Leidos has been doing this for a while. You start out small, and you grow it organically. It’s a long process, so you need to be consistent and you need to be with that community. We have a dedicated program at Leidos called Operation MVP, and we have a dedicated program manager whose sole job is to create and maintain relationships with our veterans, whether it’s through associations, through the military transition assistance programs, the National Guard or reserve units. It’s a critical aspect of our business — we support the government, we support missions. So right now at Leidos, over 20% of our population is veterans.
It’s not that hard for us to attract veterans, because the veterans have supported the mission their entire life, and by coming to Leidos, they’re continuing to support that mission. That’s our focus — to continue to support the mission, to continue to do what they were doing. It just makes it easier for us. We’ve hired over 13,000 veterans since 2013. We also have the military spouse program which is equally important.

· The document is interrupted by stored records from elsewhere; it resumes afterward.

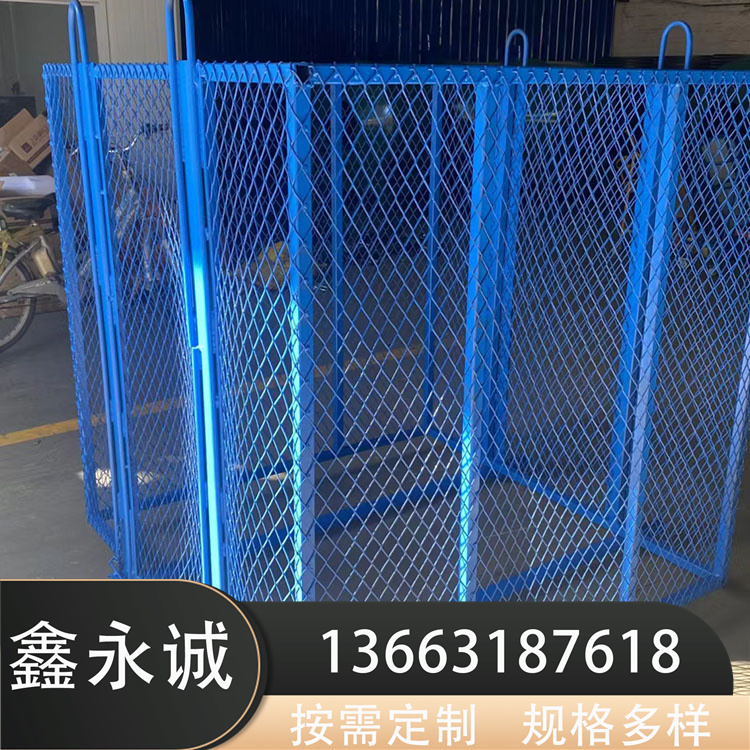 Manufacturer customized crane hanging cage for external wall construction, safety roof frame, high-altitude cable maintenance, hanging basket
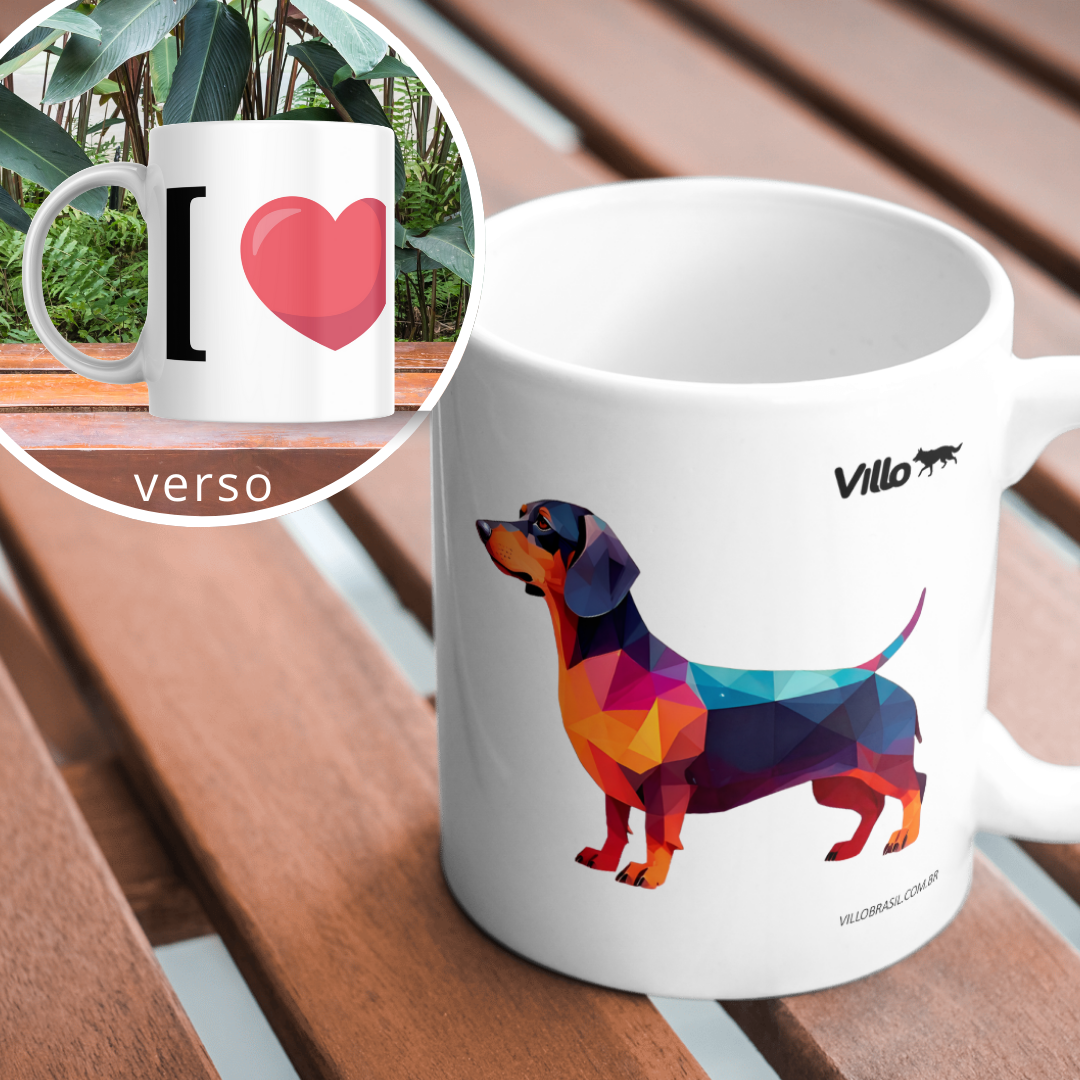 Caneca Dachshund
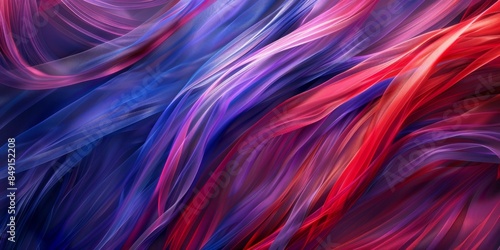 Color symphony: red, purple and blue intertwined into a dance of light and shadow, technology background, high-definition computer wallpaper, lines and curves, beauty, high-definition wallpaper, backg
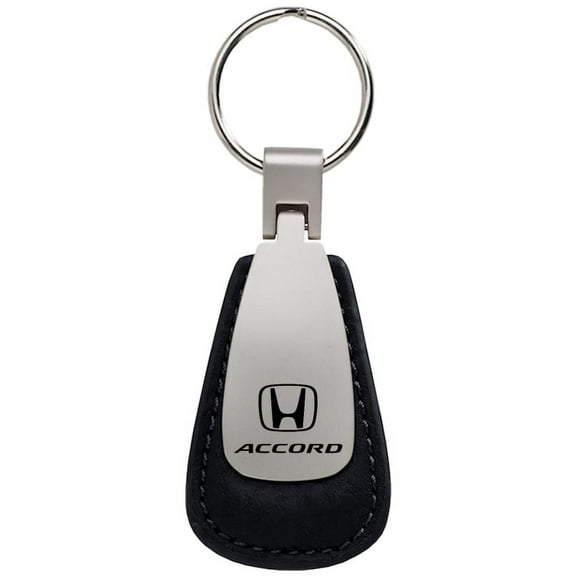 Honda Accord Leather Teardrop Key Chain (Black)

What qualities or assets do veterans add to a company?
To me, veteran hiring is no different than when we talk about inclusion and diversity. When we talk about the diverse workforce, and we talk about inclusion, the veteran community is just one of them. If you’ve never done it, I would say, figure out where you want to focus. Maybe you want to start with one region or one local area and start working from there. The goal is to have that structure in place that outlines the process as to what you want to do. Once you perfect that, it’s a lot easier to grow.
I know that when we hire military folks or veterans, the transition can be challenging. But once you have the process in place, you just start out slow, and from there, it’s the referrals. In recruiting, there’s nothing better than getting referrals, because you know those are trusted partners. Instead of just targeting to be big, start with a pilot program and see if that works. And more important, is veteran hiring aligned with your corporate strategy? If not, you may want to rethink what that strategy looks like for your company.
Any advice for companies hoping to boost their veteran hiring game?
Once you know you’re bringing in talent, the biggest and next challenge becomes, ‘How do you retain them?’ Creating some sort of community that gives them that sense of belonging is going to be important. We do that all the time. We have nine employee resource groups (ERGs). Our ERGs are a wonderful way, especially with us being a mid-size to big company, of making sure our employees still feel that they belong. We have one called the Military Alliance Group, or MAG. It’s a way of having these employees create a community and connection across the organization. You’re bringing in the talent, and you’re able to retain it, which is going to help you, because if employees are happy they’re going to want their friends and family to work here. They’re going to feel like they belong.